|
|
|
|
|
Hashing, Load Balancing and Multiple Choice
Author(s): Udi Wieder
Source: Journal:Foundations and Trends® in Theoretical Computer Science ISSN Print:1551-305X, ISSN Online:1551-3068 Publisher:Now Publishers Volume 12 Number 3-4, Pages: 108(275-379) DOI: 10.1561/0400000070
Abstract:
Many tasks in computer systems could be abstracted as distributing
items into buckets, so that the allocation of items across buckets is as
balanced as possible, and furthermore, given an item’s identifier it is
possible to determine quickly to which bucket it was assigned. A canonical
example is a dictionary data structure, where ‘items’ stands for
key-value pairs and ‘buckets’ for memory locations. Another example
is a distributed key-value store, where the buckets represent locations
in disk or even whole servers.
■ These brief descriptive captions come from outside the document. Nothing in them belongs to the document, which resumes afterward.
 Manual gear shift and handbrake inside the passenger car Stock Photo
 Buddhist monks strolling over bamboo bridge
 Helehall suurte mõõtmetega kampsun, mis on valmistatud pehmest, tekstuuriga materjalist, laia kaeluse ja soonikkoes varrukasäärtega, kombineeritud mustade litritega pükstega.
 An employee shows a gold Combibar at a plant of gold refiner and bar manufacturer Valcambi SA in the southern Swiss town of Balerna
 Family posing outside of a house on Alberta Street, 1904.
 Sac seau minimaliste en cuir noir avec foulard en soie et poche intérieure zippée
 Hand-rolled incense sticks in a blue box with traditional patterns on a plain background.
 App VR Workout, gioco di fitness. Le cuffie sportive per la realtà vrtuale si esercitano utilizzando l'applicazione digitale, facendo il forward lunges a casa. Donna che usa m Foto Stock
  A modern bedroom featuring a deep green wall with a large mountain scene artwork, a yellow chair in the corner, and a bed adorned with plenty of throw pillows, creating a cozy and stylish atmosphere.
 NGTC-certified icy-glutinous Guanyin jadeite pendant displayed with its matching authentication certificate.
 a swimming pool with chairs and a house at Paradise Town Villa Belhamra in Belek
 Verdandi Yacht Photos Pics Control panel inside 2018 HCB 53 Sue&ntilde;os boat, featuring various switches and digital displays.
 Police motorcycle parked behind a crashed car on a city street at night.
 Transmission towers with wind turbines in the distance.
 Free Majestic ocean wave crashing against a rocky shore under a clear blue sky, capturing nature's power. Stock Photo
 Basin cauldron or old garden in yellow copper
A third example may be a distributed
execution engine where items represent processes and buckets compute
devices, and so on. A common technique in this domain is the use of
a hash-function that maps an item into a relatively short fixed length
string. The hash function is then used in some way to associate the
item to its bucket. The use of a hash function is typically the first step
in the solution and additional algorithmic ideas are required to deal
with collisions and the imbalance of hash values. In this monograph we
survey some of these techniques. We focus on multiple choice schemes
where items are placed into buckets via the use of several independent
hash functions, and typically an item is placed at the least loaded
bucket at the time of placement. We analyze the distributions obtained
in detail, and show how these ideas could be used to design basic data
structures. With respect to data structures we focus on dictionaries,
presenting linear probing, cuckoo hashing and many of their variants.
|
|
|
|